(Collected data Opens)

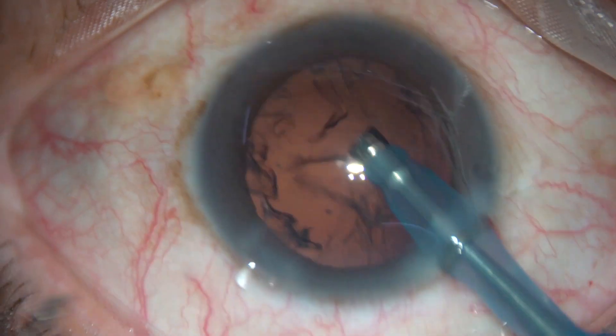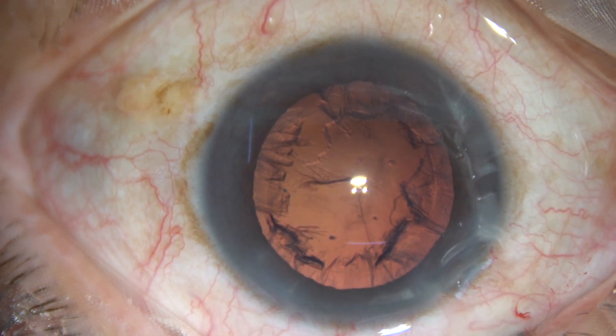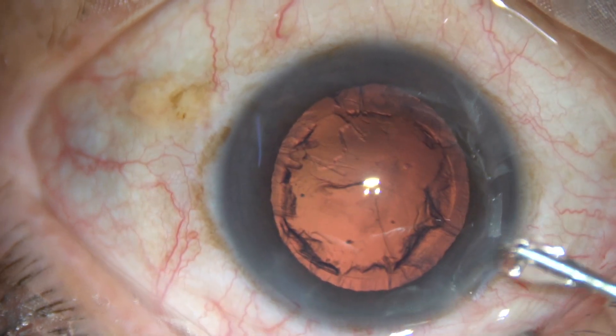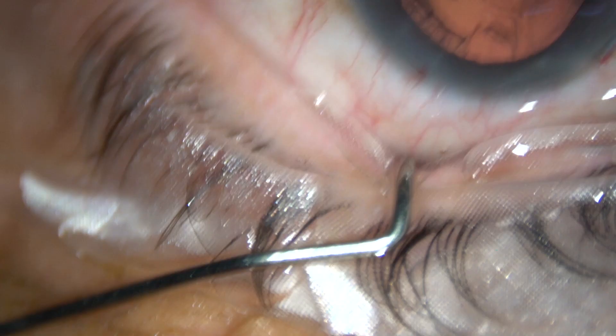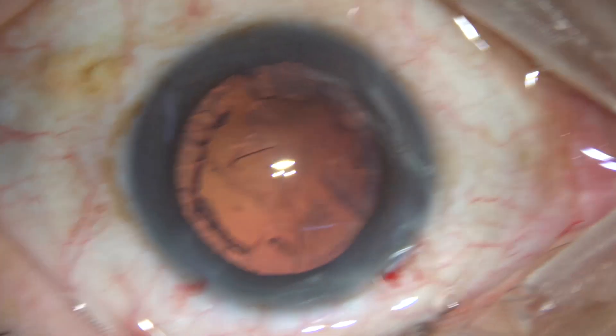That is it. The nucleus is managed. Now a lot of cortex is there in this case. A little bit of viscoelastic substance is injected into the anterior chamber. And now a 23-gauge Simcoe cannula is taken.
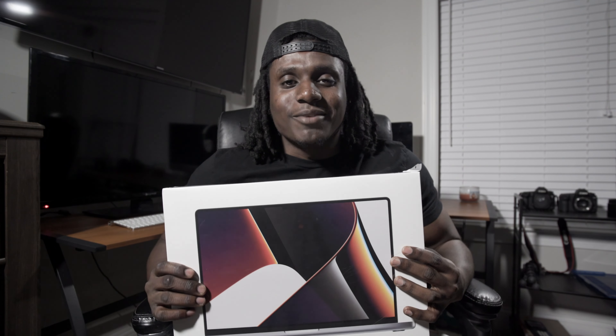But along with this video, I got a new MacBook. If you want to start a YouTube, get you a MacBook — now I'm playing. But I wanted to unbox that also in this video because it's definitely going to help with editing and doing things much faster.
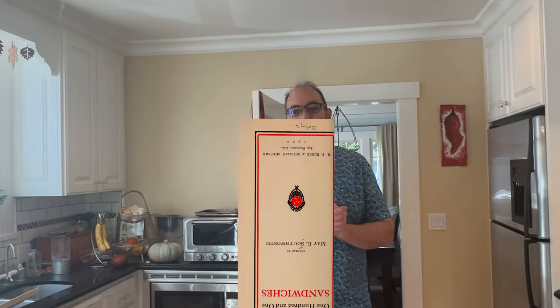Welcome to Sandwiches of History. Today from 101 Sandwiches of 1901, we're going to be making the bicycle sandwich.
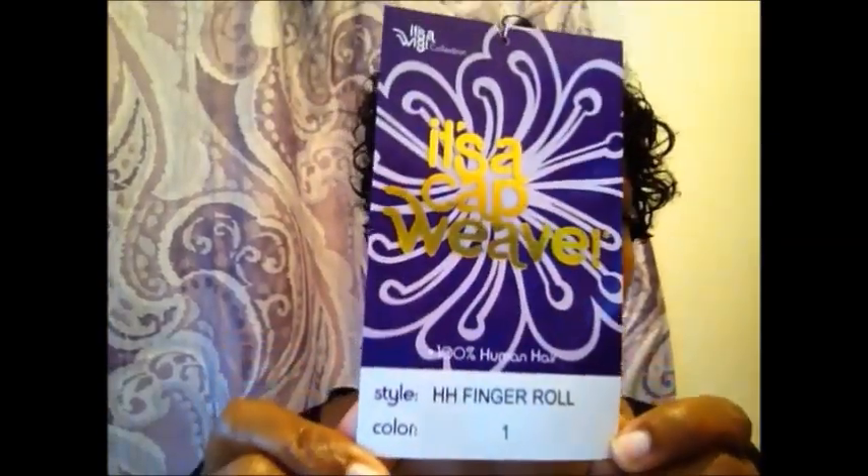My eyes are looking towards my mirror and my camera is that way, so that's the reason why my eyes are off. I'm going to put at the end of the video where I purchased the wig. I know I purchased it for $19.99 and it's a cap weave, 100% human hair. It's the finger roll in color number one. The cap construction is a regular cap construction — mine just has the tabs in the back.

(Collected data Closes)

■ Exercise instructions: Take the material above from the line containing "But along with" up to and including the line containing "Welcome to Sandwiches" and retype it exactly, without any pictures.

■ Exercise response:
But along with this video, I got a new MacBook. If you want to start a YouTube, get you a MacBook — now I'm playing. But I wanted to unbox that also in this video because it's definitely going to help with editing and doing things much faster.
Welcome to Sandwiches of History. Today from 101 Sandwiches of 1901, we're going to be making the bicycle sandwich.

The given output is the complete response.